Nice. But remember, regular vacuum cleaner, static electricity danger waiting to happen. Got you. Because even a little zap on the inside components can toast your computer. Wow. Right? So avoid regular vacuum cleaners. Yes. Okay. Good to remember. Next is Sammy from Oakland, California. He asks, I saw you were wearing an antistatic wrist wrap when you were cleaning the computer.

Why were you wearing that? An antistatic wrist strap has a little resistor that touches your skin, and it essentially keeps you and the alligator clip on the other. The same electrical level or another word for it is called electrical potential. So you might be wandering around it at plus 10 volts electricity compared to ground. When you connect that antistatic wrist strap to the computer, to some kind of metal part of the computer, don’t connect it to the CPU or something, but some kind of metal part, like the side of the case, it makes you and the computer the same electrical potential.

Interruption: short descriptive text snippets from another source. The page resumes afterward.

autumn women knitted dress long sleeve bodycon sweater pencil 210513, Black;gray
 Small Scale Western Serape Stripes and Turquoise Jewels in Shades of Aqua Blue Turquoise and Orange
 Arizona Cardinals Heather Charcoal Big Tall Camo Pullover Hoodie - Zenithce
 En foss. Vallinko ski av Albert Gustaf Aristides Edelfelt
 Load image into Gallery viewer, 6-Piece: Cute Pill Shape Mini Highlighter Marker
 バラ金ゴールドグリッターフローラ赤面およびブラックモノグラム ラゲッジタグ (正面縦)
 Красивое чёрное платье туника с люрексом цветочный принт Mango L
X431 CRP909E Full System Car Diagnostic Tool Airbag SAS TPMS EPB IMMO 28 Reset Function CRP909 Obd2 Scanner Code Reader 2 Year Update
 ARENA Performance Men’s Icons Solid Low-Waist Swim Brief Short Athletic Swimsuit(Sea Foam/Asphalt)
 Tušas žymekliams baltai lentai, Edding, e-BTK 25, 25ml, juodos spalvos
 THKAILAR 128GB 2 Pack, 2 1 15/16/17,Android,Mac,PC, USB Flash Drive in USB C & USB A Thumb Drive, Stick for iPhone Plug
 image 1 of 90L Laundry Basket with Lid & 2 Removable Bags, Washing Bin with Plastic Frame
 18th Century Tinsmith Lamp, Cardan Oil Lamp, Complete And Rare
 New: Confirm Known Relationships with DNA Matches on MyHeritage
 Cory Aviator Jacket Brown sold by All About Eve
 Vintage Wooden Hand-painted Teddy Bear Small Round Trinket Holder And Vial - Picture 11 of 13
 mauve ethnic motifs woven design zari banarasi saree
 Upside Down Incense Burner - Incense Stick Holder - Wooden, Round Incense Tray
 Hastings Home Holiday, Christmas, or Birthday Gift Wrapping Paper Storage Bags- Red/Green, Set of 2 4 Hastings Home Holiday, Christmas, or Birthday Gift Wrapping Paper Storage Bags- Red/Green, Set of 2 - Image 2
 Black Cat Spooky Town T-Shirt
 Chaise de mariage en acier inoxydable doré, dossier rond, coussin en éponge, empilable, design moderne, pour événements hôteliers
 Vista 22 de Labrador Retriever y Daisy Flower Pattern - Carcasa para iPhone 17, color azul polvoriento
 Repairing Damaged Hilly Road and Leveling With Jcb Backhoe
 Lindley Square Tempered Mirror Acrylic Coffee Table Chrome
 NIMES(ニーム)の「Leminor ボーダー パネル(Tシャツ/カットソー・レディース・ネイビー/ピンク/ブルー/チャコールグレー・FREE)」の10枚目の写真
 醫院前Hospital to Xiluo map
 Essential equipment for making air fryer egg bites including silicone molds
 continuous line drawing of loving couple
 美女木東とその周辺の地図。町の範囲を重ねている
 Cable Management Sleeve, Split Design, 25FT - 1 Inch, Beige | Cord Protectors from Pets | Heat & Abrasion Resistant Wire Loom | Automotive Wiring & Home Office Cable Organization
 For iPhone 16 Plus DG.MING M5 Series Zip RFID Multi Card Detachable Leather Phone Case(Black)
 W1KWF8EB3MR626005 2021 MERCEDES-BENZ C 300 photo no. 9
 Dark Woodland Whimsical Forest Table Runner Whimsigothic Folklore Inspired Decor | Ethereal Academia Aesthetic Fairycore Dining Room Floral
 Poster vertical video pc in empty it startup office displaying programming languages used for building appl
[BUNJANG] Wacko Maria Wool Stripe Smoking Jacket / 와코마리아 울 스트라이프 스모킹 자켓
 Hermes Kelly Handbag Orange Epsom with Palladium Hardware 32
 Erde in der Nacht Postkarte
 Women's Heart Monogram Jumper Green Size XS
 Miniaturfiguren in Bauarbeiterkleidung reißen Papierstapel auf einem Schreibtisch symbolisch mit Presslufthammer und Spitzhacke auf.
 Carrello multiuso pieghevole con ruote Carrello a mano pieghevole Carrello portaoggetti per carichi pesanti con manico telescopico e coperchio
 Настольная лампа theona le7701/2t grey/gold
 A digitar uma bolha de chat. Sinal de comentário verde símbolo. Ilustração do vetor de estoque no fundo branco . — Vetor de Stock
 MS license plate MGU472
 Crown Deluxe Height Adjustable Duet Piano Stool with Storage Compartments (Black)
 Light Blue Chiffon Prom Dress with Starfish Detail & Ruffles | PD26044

Right. So you could both be it plus 10 volts. Right. And what that means in practice is that you can then reach in and touch stuff and not worry about there being any kind of static electricity discharge. Very cool. So it keeps you and the computers safe. I need one of those. Yes. Very cool. Next is Brandon from Norfolk, Virginia. He asks, how do I recycle my ink and toner? This is important with toner, and toner is what you have in laser printers.

Okay. Toners inside that cartridge is secretly a bunch of other components, and these are very much recyclable and should be recycled. Okay. So when you run out of toner, take that cartridge and whoever you are buying the next cartridge from should have some kind of recycling availability there. Okay. With ink, manufacturers have made it almost impossible to do anything with these, to refill them or recycle them or anything. So, unfortunately, with ink cartridges, your only real option is, wow, that’s unfortunate. Yeah, it is. Yeah.